At London Met University we run entrepreneurship programmes for student and graduate from an incredibly diverse set of backgrounds. Most of them don’t have savings or access to family money to get started. This means they have to work full time while trying to get their idea of the ground, which often proves impossible.
The effect of this is the startup industry is losing out on a huge untapped pool talent and creativity.
The good news is that the cost of starting a business has dropping through the floor in recent years so it doesn’t take that much to get started. The winners of our Big Idea Challenge competition share in a prize pool worth £30,000 and we have seen that a small amount of cash can go a long way in the early testing phase – with previous winners using their prize money and the support of mentors to start businesses that are thriving years later.
As well as the wealth and class issue, business owner Suzanne Noble points out that “Ageism and sexism are rife”(6) in the UK startup scene.
This often-repeated opinion is rooted in fact, with women making up only a third of the UK’s entrepreneurs(7) and only 17% of US startups have a female founder(11). This may be due in part to traditional gender roles, or the fact that gender has been proven to affect funding, with women being less likely to get VC or angel funding and more likely to be self-funded(4). In First Round’s State of Startups 2016 report(8), 700 surveyed startups were questioned on the male to female ratio of their teams. Their answers were telling with 61% of startups being mostly or all male and only 8% mostly or all female.
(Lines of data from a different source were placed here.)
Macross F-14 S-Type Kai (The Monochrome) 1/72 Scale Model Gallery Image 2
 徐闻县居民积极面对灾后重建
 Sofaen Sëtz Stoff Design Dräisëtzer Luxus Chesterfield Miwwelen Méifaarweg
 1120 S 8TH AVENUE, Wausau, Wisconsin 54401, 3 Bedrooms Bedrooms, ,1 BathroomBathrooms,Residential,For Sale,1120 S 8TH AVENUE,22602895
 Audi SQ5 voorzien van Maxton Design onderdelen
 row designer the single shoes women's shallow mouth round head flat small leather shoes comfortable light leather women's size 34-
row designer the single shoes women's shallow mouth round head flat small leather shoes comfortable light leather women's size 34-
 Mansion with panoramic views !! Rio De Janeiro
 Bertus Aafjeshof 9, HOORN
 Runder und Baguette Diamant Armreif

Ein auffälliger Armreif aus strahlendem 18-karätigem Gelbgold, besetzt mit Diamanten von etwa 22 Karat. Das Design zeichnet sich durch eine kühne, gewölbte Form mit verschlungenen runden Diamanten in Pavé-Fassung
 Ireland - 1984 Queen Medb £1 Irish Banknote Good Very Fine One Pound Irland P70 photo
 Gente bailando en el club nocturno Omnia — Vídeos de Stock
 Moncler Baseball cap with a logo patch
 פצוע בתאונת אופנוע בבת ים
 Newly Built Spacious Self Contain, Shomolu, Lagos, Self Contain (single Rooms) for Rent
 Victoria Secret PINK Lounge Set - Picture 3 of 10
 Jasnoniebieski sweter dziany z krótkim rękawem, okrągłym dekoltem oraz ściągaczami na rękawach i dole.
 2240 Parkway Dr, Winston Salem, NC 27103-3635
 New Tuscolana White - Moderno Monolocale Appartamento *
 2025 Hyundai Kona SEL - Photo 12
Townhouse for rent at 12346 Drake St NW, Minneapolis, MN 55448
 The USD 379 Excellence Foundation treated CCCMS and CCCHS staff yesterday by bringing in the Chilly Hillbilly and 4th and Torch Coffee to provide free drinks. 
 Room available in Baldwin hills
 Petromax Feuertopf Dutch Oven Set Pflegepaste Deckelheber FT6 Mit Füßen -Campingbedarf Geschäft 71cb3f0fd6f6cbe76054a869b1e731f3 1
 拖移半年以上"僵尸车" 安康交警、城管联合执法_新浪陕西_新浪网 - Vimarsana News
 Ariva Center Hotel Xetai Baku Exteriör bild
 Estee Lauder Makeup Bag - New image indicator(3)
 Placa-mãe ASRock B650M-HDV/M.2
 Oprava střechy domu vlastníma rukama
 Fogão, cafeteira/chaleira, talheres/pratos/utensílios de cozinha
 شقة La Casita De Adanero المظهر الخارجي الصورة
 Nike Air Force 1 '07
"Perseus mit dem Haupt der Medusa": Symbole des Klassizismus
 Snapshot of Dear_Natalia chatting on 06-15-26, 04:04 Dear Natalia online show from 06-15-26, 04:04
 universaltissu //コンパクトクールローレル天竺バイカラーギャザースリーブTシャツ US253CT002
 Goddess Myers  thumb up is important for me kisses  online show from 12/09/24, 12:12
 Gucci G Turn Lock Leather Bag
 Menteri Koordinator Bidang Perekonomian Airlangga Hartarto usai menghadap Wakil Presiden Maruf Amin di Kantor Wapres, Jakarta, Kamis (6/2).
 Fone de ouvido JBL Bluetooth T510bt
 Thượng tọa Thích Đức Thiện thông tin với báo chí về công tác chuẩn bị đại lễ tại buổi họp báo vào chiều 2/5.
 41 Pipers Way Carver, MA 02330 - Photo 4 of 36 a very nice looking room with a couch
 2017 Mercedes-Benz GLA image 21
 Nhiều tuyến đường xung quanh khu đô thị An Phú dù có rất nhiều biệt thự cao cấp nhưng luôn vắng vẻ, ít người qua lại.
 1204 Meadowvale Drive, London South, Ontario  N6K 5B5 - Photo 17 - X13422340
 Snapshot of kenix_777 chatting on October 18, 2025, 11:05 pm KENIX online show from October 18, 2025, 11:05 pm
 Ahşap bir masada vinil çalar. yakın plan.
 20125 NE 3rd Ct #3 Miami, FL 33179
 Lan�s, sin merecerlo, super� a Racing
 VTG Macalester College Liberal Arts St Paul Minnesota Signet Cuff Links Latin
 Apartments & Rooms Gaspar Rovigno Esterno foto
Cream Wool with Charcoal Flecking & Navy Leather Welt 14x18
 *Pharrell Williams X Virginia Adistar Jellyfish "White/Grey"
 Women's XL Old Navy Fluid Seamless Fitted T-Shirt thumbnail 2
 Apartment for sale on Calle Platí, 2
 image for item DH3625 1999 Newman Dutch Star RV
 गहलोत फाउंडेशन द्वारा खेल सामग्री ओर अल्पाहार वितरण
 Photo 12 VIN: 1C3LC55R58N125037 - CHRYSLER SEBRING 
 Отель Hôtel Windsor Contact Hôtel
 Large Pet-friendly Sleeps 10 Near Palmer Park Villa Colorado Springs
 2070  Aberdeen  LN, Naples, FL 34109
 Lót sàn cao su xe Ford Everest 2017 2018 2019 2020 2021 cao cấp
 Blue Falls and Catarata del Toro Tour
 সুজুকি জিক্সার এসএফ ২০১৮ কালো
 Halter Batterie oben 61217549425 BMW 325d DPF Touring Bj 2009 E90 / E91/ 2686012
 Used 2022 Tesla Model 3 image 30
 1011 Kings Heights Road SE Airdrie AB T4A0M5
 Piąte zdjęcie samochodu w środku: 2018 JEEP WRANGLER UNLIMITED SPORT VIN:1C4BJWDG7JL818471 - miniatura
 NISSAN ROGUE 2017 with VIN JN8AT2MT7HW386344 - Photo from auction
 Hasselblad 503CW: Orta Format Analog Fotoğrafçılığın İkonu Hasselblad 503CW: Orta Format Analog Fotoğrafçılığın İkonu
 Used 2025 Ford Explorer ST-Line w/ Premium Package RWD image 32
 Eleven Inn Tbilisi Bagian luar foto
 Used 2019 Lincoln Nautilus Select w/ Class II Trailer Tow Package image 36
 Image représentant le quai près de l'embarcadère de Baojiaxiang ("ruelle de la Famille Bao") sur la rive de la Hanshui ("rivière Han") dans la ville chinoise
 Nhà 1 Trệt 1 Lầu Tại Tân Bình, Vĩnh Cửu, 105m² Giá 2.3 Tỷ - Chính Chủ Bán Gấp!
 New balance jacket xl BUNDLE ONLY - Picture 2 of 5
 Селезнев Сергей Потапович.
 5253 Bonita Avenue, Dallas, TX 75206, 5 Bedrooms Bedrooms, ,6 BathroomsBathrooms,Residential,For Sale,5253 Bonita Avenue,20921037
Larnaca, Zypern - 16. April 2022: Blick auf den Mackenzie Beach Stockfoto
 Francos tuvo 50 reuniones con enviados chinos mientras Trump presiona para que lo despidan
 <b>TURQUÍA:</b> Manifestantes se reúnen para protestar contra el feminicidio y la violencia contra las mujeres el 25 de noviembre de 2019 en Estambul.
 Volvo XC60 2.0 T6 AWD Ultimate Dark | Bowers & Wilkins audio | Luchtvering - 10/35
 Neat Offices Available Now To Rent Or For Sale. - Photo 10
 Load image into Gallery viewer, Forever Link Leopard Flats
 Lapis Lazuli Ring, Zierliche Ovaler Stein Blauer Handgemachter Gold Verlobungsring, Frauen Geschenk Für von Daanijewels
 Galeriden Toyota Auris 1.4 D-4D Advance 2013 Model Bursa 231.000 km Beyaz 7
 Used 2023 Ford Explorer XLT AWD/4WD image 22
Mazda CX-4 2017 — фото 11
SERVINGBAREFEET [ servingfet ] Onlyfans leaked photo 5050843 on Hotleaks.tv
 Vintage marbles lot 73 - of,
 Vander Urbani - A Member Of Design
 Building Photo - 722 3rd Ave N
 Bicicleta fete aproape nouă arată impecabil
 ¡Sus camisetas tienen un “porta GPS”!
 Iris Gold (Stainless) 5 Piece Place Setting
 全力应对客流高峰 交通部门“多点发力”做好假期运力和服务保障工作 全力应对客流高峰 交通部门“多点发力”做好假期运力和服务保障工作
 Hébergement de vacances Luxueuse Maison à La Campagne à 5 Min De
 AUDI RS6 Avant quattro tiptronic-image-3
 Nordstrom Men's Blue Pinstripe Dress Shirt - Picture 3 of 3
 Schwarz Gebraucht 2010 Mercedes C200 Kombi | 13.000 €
What’s even more telling is that, in this report, “diversity” appears to refer only to gender – and not to race. While the male to female ratio of boards and teams was evaluated, race wasn’t. At all. According to a survey undertaken by Tech London Advocates when 200 tech leaders were questioned, only 9.4% believed multiculturalism drove their enterprise9 . This is in stark contrast to comments made by Lawrence Wintermeyer, CEO of UK’s FinTech membership association Innovate Finance, who said that “Diversity… brings new ideas for services and different solutions to problems in a world of changing markets and customer demands. It also brings a range of skills, experience and cultural understanding to inform companies. It is a reality that we must all embrace. Inclusion is the solution for a better future for everyone.”(10)
So, what does this mean for the future of startups? With an increased focus on representation, there is a drive towards creating diversity in the startup industry. And the fact is that companies not only have a moral and ethical reason to recruit diversely, but many business reasons, too.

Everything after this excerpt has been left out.